I don't know if you were saying these things to privy favor with Parks, and I can understand why you would do that. There has to be some give and take in the negotiations and to keep them on side.

May I ask who decided on what jumps would stay, what would be removed and what would be turned into a table top? From briefly looking at the paint markings today, there is not a single double left, everything is a table and a hip jump is to be straightened. Strikes me that a person with little understanding and skill made those recommendations.

I will leave this by saying, having some beginner, entry level jumps is better than having no jumps at all. But removing all challenge will just result in the less "mature" people building new unauthorized jump lines elsewhere in the park. Appropriate signage of the obstacles and signs to not litter, along with some decent work to make the area safer (ie removing the 1 metre high stumps that some moron decided to chop down, chop or remove protruding stakes in the ground and re-enforce the existing jumps and side walls) would suffice.

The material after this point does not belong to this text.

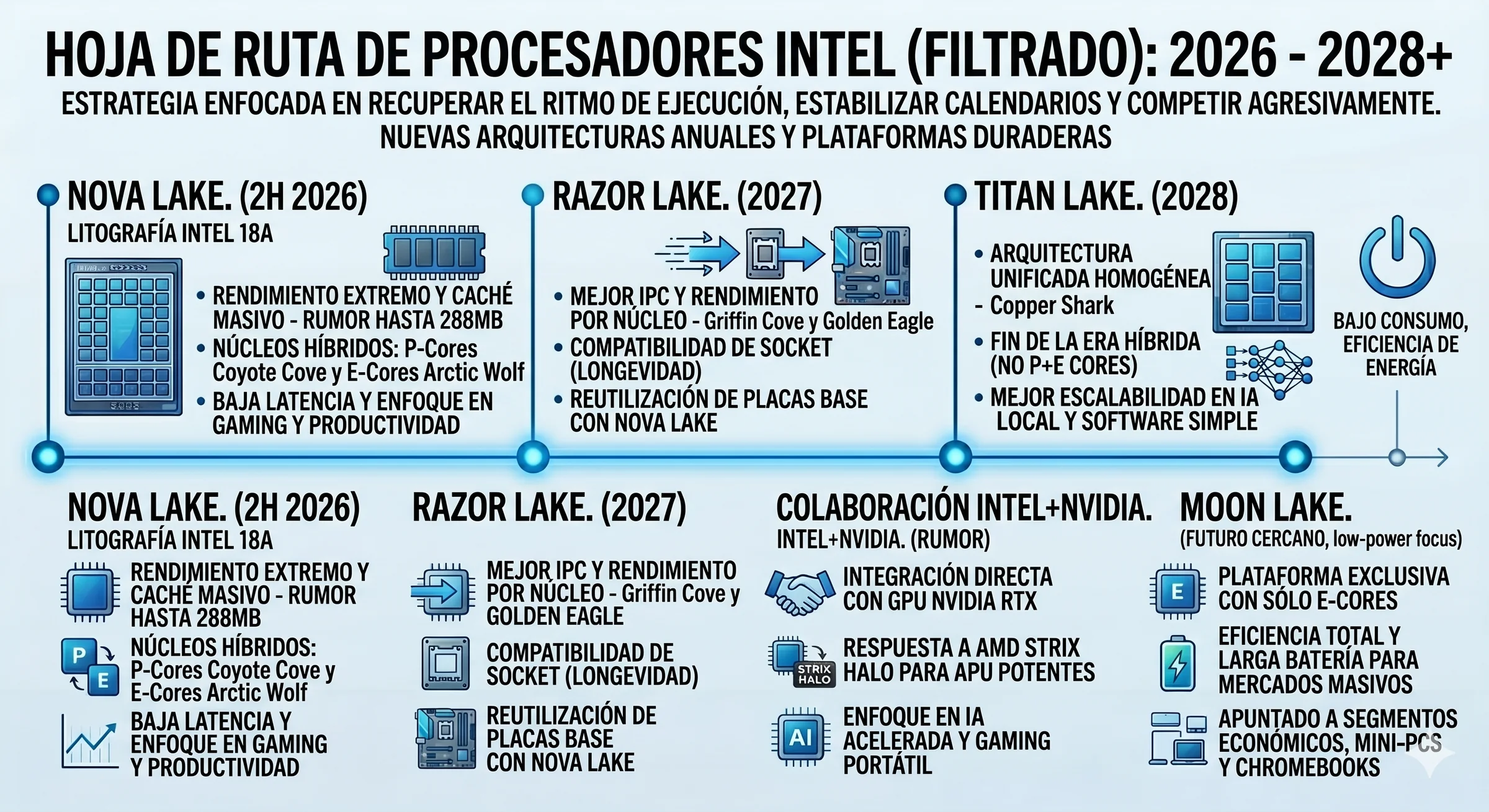 intel filtra su supuesto roadmap hasta 2028 nova lake razor m2436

One last thing, is it possible for Parks to erect more signs regarding the moto's? They are out of control lately, and I can't help but notice the lack of appropriate deterrence. I made a request to the Victoria Police Special Solo branch last week to patrol. Will wait and see if that amounts to anything.


----------



## emerthis (Jun 17, 2011)

Yippee_Ki_YayMF said:


> Firstly, great work in continuing your consultations and dialog with Parks. It's the tireless efforts of people like you who allow for great places like this to be available to the masses.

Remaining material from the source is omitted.